> **Exercise objective**:
Restate the full listing word for word and leave the pictures out.

> **Dataset extract**:
·····

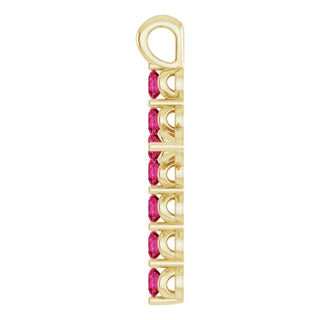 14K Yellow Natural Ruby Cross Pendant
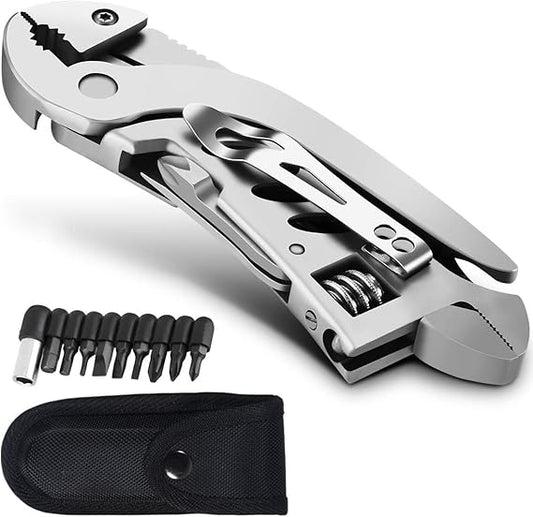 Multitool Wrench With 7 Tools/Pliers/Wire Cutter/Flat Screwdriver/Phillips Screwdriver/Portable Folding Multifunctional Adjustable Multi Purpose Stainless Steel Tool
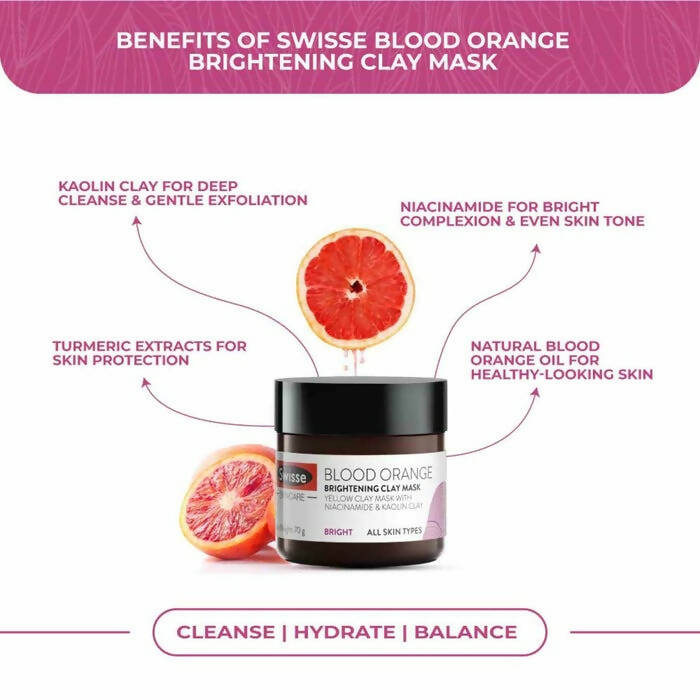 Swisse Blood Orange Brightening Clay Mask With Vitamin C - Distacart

·····

> **Task response**:
 14K Yellow Natural Ruby Cross Pendant
 Multitool Wrench With 7 Tools/Pliers/Wire Cutter/Flat Screwdriver/Phillips Screwdriver/Portable Folding Multifunctional Adjustable Multi Purpose Stainless Steel Tool
 Swisse Blood Orange Brightening Clay Mask With Vitamin C - Distacart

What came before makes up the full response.